* PROBLEM *
Quote the records beneath, complete and exact. Leave out images.

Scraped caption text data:

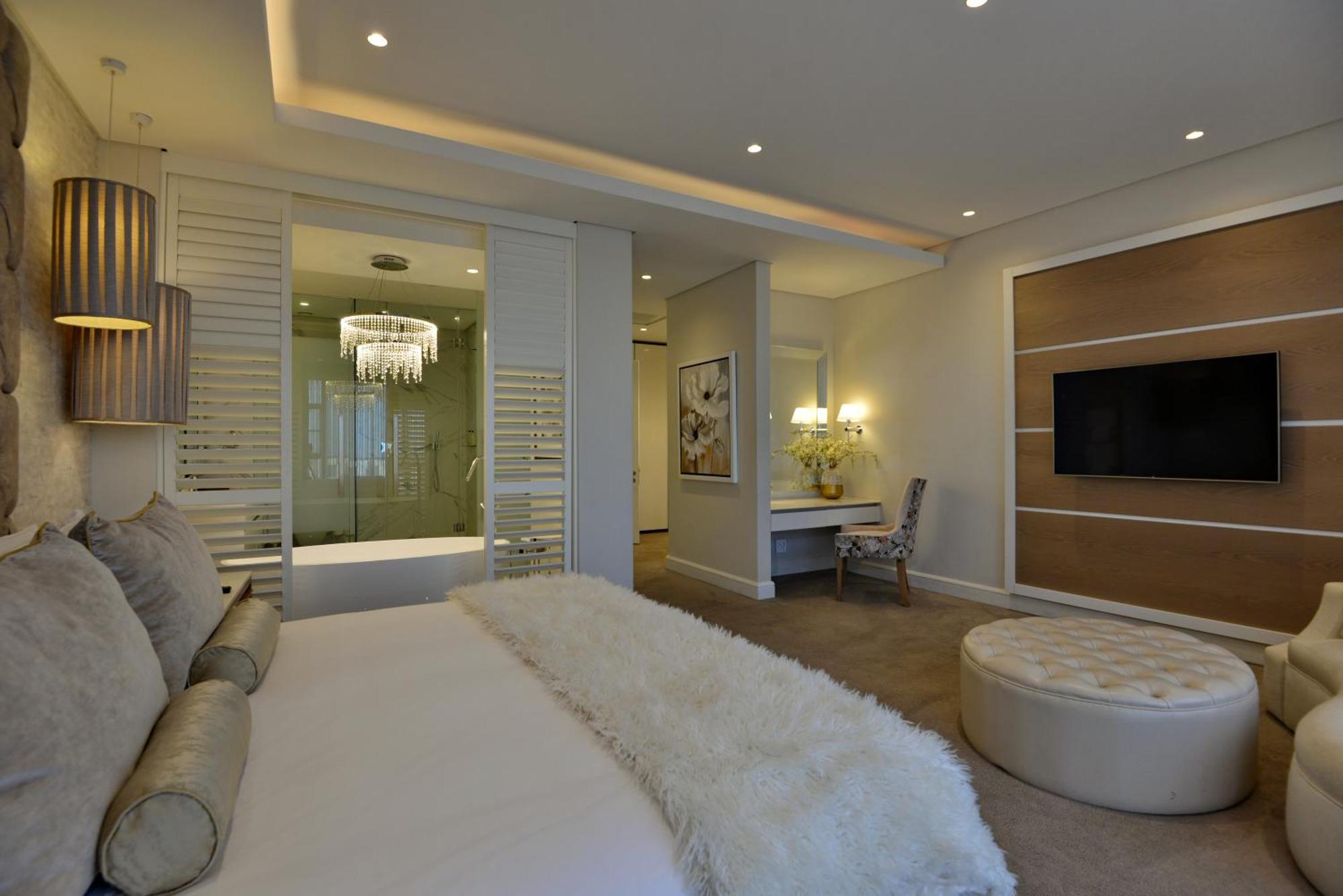 The Houghton Hotel, Spa, Wellness & Golf Johannesburg Oda fotoğraf A bedroom at The Ivy Hotel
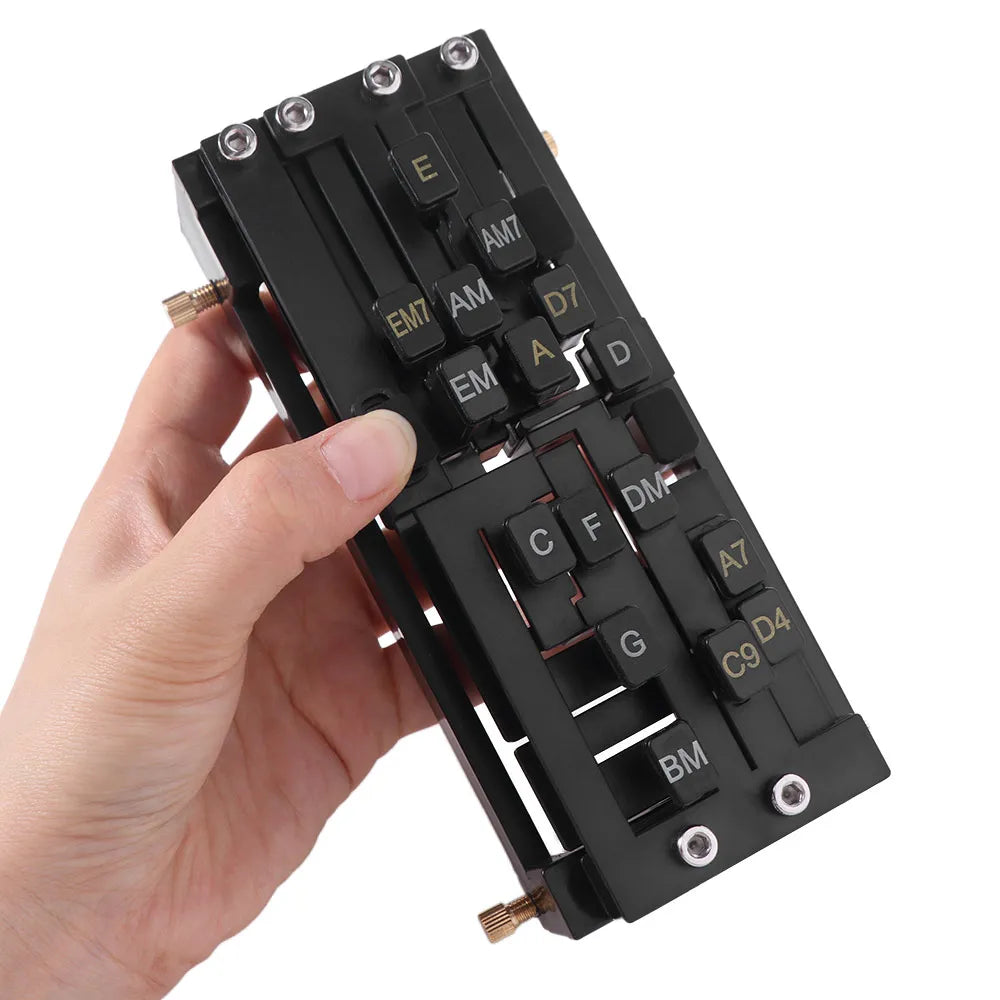 A hand holds a black beginner guitar chord trainer with various chord diagrams and tuning indicators.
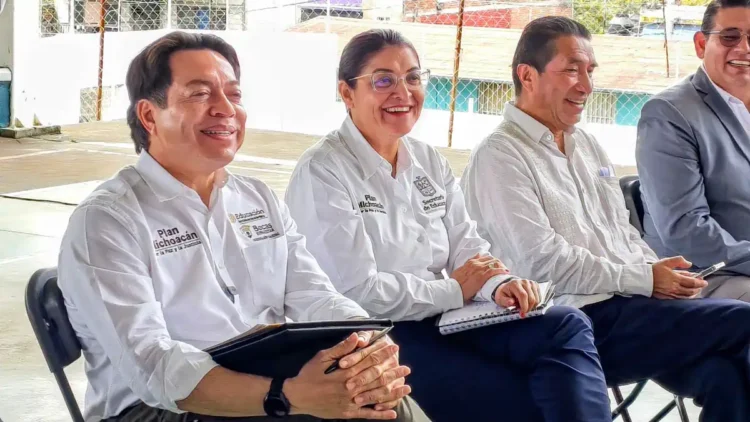 Cuatro funcionarios en reunión en un espacio abierto, con vestimenta formal y sonriendo, en un evento de educación.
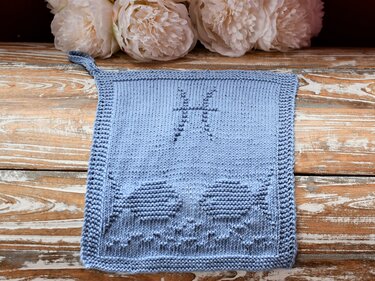Gestricktes hellblaues Quadrat mit eingearbeitetem Fische-Sternzeichen und zwei Fischformen auf rustikalem Holz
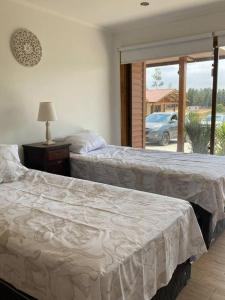 2 camas en un dormitorio con ventana en Hermosa y comoda casa de campo con vista al valle, en Limache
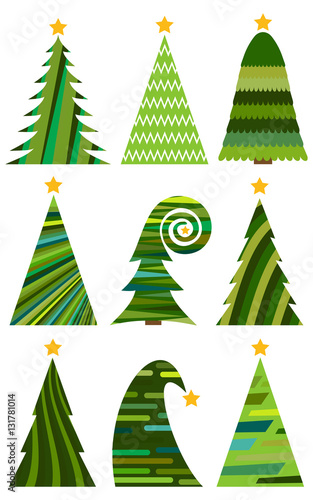 Christmas tree with multi-colored toys. Christmas tree in the village at night. Starry night sky in the village in winter.
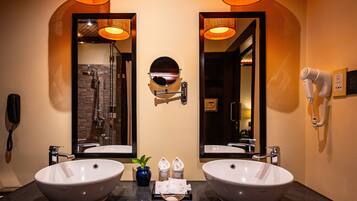 A bathroom with two large sinks, a mirror, a hairdryer, and a phone on the wall.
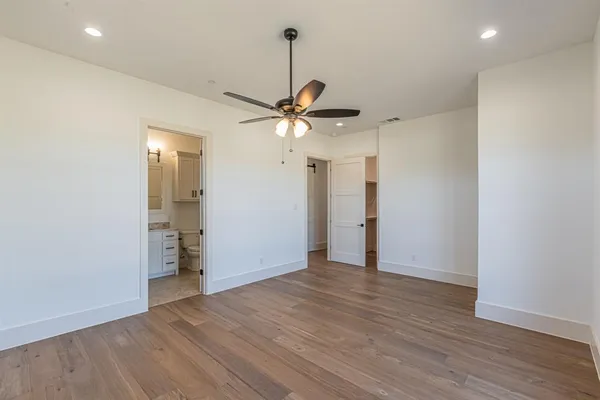 an empty room with wooden floor and a ceiling fan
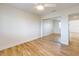 Bedroom with sliding door closet, wood floors, and entry to another room at 2950 Sunset Dr, New Smyrna Beach, FL 32168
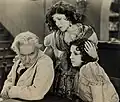 Avec Josef Swickard et Olive Borden (au centre), dans The Eternal Woman (1929, photo promotionnelle)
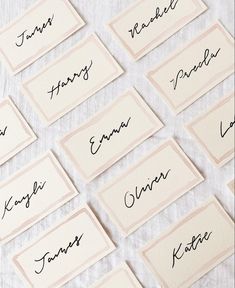 many different types of name cards on a white tablecloth with black ink and some type of writing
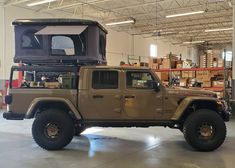 a jeep is parked in a warehouse with its roof tent on it's top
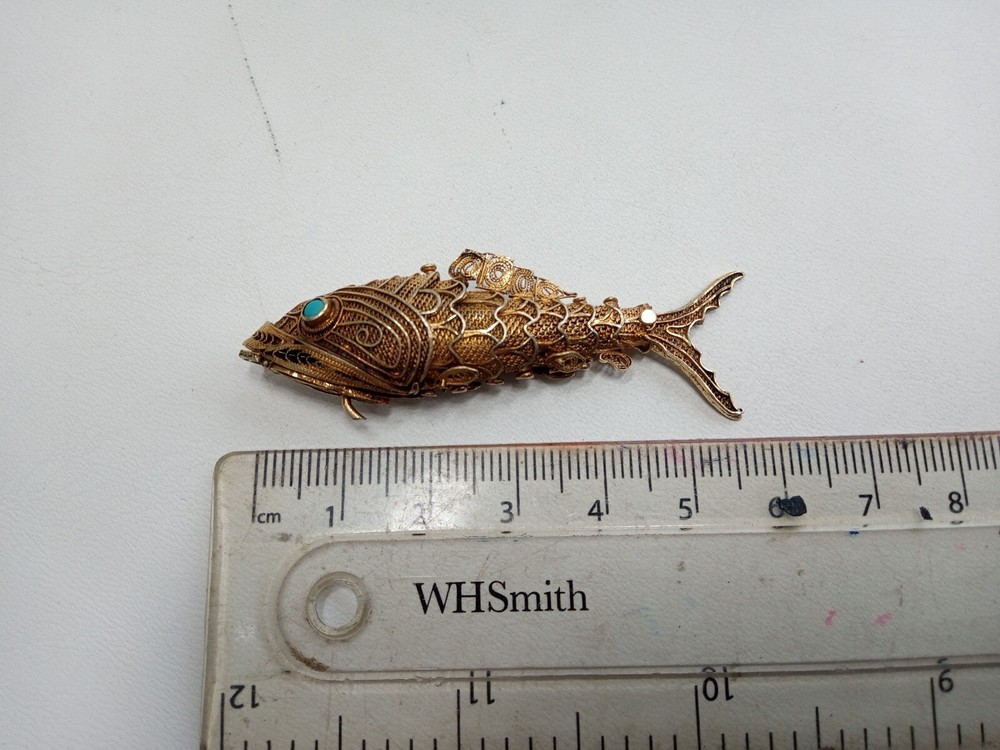 Tested as silver and gilded flexible fish, possibly pill box.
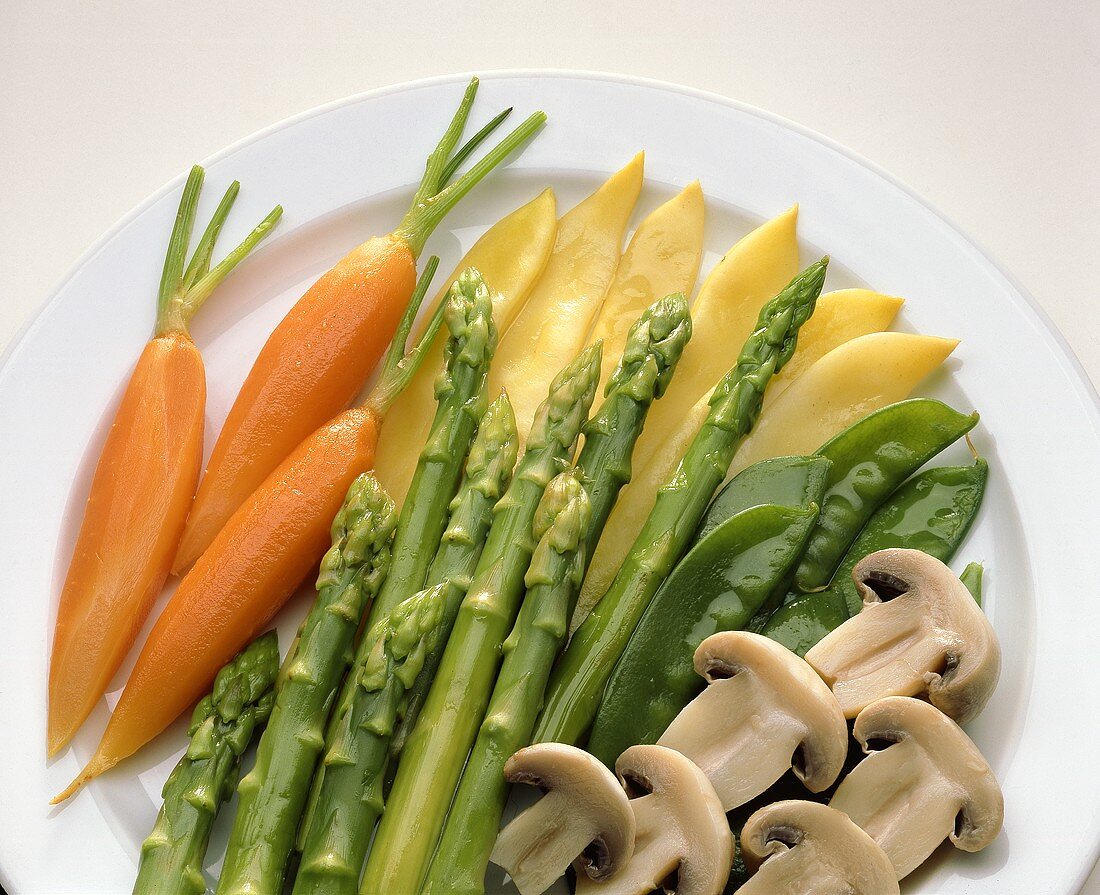Plate of blanched vegetables: carrots, asparagus, mushrooms etc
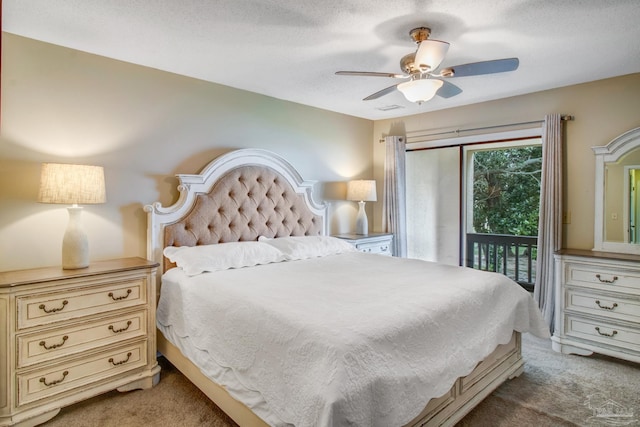 carpeted bedroom with a textured ceiling, access to exterior, and ceiling fan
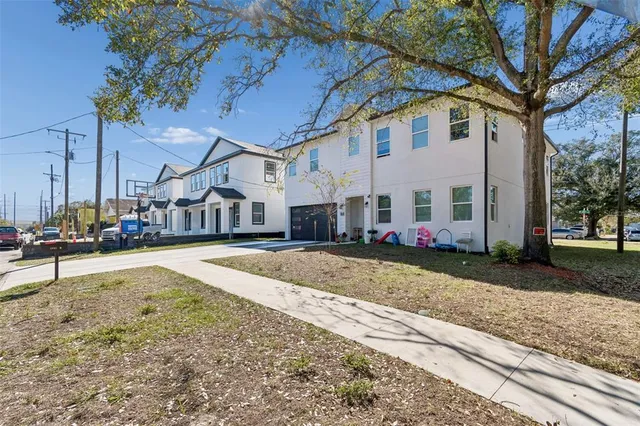 a view of a backyard with sitting area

* REPLY TO THE EXERCISE *
 The Houghton Hotel, Spa, Wellness & Golf Johannesburg Oda fotoğraf A bedroom at The Ivy Hotel
 A hand holds a black beginner guitar chord trainer with various chord diagrams and tuning indicators.
 Cuatro funcionarios en reunión en un espacio abierto, con vestimenta formal y sonriendo, en un evento de educación.
Gestricktes hellblaues Quadrat mit eingearbeitetem Fische-Sternzeichen und zwei Fischformen auf rustikalem Holz
 2 camas en un dormitorio con ventana en Hermosa y comoda casa de campo con vista al valle, en Limache
 Christmas tree with multi-colored toys. Christmas tree in the village at night. Starry night sky in the village in winter.
 A bathroom with two large sinks, a mirror, a hairdryer, and a phone on the wall.
 an empty room with wooden floor and a ceiling fan
 Bedroom with sliding door closet, wood floors, and entry to another room at 2950 Sunset Dr, New Smyrna Beach, FL 32168
 Avec Josef Swickard et Olive Borden (au centre), dans The Eternal Woman (1929, photo promotionnelle)
 many different types of name cards on a white tablecloth with black ink and some type of writing
 a jeep is parked in a warehouse with its roof tent on it's top
 Tested as silver and gilded flexible fish, possibly pill box.
Plate of blanched vegetables: carrots, asparagus, mushrooms etc
 carpeted bedroom with a textured ceiling, access to exterior, and ceiling fan
 a view of a backyard with sitting area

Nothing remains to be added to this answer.